Old 08-15-2022, 10:10 AM
  #1  
Boone & Crockett
Thread Starter
 
bronko22000's Avatar
 
Join Date: Jan 2004
Location: Eastern PA
Posts: 12,621
Default 6.5 Creedmoor

I understand this thread may get some attention. A couple years ago I purchased a 6.5 CM because I wanted to get into LR shooting. I haven't gotten into shooting any further than 300 yards with it which is by no means long range. I really like the rifle, a Bergara B-14 HMR, and it shoots well under MOA. I picked the CM for a couple reasons. The first was the hype. Even if I would have done some more research I likely would have gotten it anyway. The second is because I have been graced with being a left handed shooter and the CM was all I could get in a LH bolt action.
I now know that there are several 6.5s out there that will out perform the CM. Am I disappointed? Nah. I'll keep plugging along with my CM and I'm sure once I get the opportunity there ain't going to be a deer that will be able to tell the difference whether it was killed by my CM or by a PRC or Grendel.
bronko22000 is offline  
Old 08-15-2022, 07:48 PM
  #2  
Nontypical Buck
 
Nomercy448's Avatar
 
Join Date: Oct 2009
Location: Kansas
Posts: 3,842
Default

“Out perform” is a subjectivism. Don’t sweat it. “Faster” certainly isn’t the singular measure of “out perform.” Certainly, there are 6.5mm cartridges with bigger cases which will push a bullet faster, and there are smaller cases which won’t keep up. There are longer cases which hold bullets too far forward to fit into a short action - unless loaded with relatively light for caliber bullets… and there are older cases designed for such lighter bullets that their standard twist rates are unbecoming and unproductive for long range shooting with heavier bullets.

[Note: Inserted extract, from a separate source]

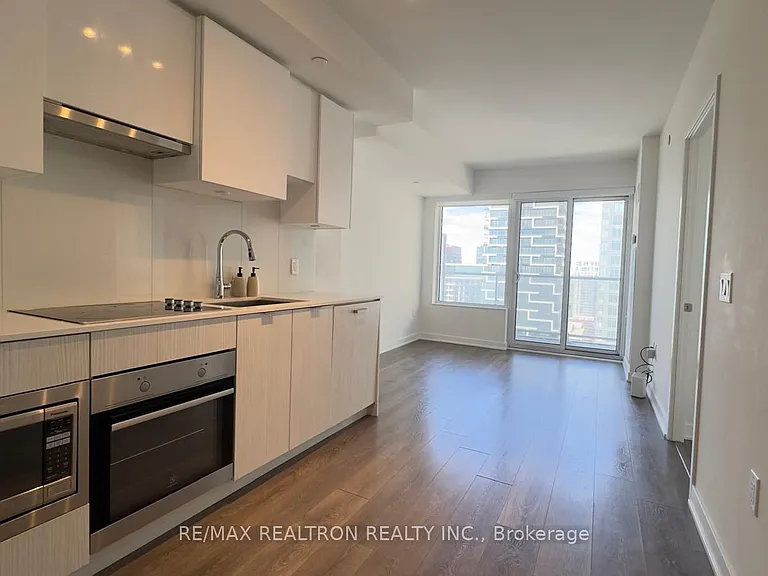 195 Redpath Ave #3411 — Photo 14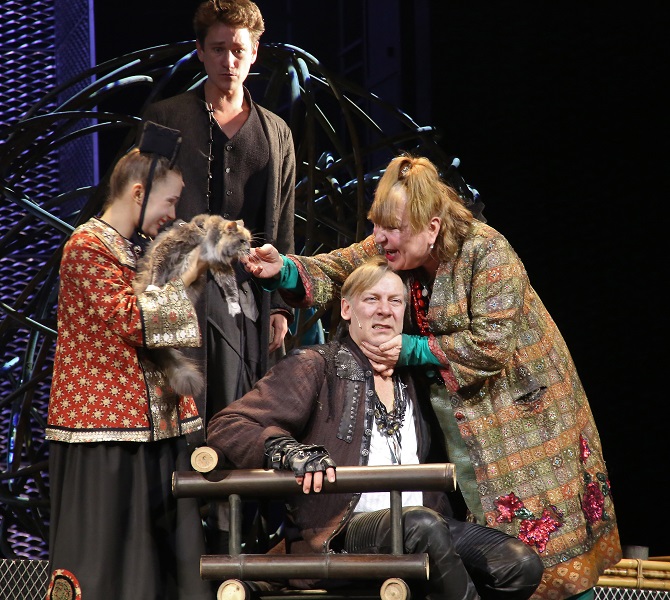 Szene aus Sacharows Inszenierung des Sorokin-Romans am Moskauer „Lenkom“-Theater / Foto © Michail Guterman/Kommersant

The 6.5 Creed is a sweet spot that simply wasn’t truly occupied by any other cartridge, but which had been replicated for generations by custom gun builders which stuck fast twist barrels in front of long action 260’s and 7-08 AI’s, 284’s and 6.5-284’s, intermediate Mausers in 6.5 Swede and 7x57… we chased the right combination of long bullet aerodynamics with limited recoil for a long time. And in the modern gun market, 1) most shooters are not hunters, and 2) many hunters enjoy long range shooting, so a 1300yard target rifle + 600 yard deer rifle rolled into one is pretty intriguing, so the timing was right. Especially coming off of the boom of the AR-15 which had many gun buyers realizing the limited potential of the 223/5.56 for long range shooting - and the same limited potential of the AR-15 platform - such the market was stoked to receive an inexpensive, ubiquitous, highly capable but highly shootable long range cartridge, made on the shelf, instead of custom ordered.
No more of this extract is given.